### Exercise material

*** Begin section ***

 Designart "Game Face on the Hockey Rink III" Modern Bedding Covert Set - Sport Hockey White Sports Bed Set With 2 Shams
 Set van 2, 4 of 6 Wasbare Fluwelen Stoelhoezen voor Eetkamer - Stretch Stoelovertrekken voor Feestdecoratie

*** End section ***
*** Begin section ***

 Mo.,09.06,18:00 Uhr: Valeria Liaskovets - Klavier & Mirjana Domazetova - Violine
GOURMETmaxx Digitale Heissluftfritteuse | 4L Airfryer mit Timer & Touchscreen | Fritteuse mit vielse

*** End section ***
*** Begin section ***

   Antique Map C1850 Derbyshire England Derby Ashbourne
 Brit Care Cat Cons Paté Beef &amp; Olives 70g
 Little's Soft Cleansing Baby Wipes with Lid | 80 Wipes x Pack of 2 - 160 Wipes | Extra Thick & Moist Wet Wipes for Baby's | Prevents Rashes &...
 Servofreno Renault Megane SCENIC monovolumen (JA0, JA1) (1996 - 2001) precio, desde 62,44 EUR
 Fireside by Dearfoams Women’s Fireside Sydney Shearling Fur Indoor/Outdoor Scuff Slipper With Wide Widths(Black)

*** End section ***

### What to work on
Return a word-for-word copy of the lines above from the one holding "Servofreno Renault Megane" through the one holding "Fireside by Dearfoams", with both of them included and nothing besides.

### Answer area
 Servofreno Renault Megane SCENIC monovolumen (JA0, JA1) (1996 - 2001) precio, desde 62,44 EUR
 Fireside by Dearfoams Women’s Fireside Sydney Shearling Fur Indoor/Outdoor Scuff Slipper With Wide Widths(Black)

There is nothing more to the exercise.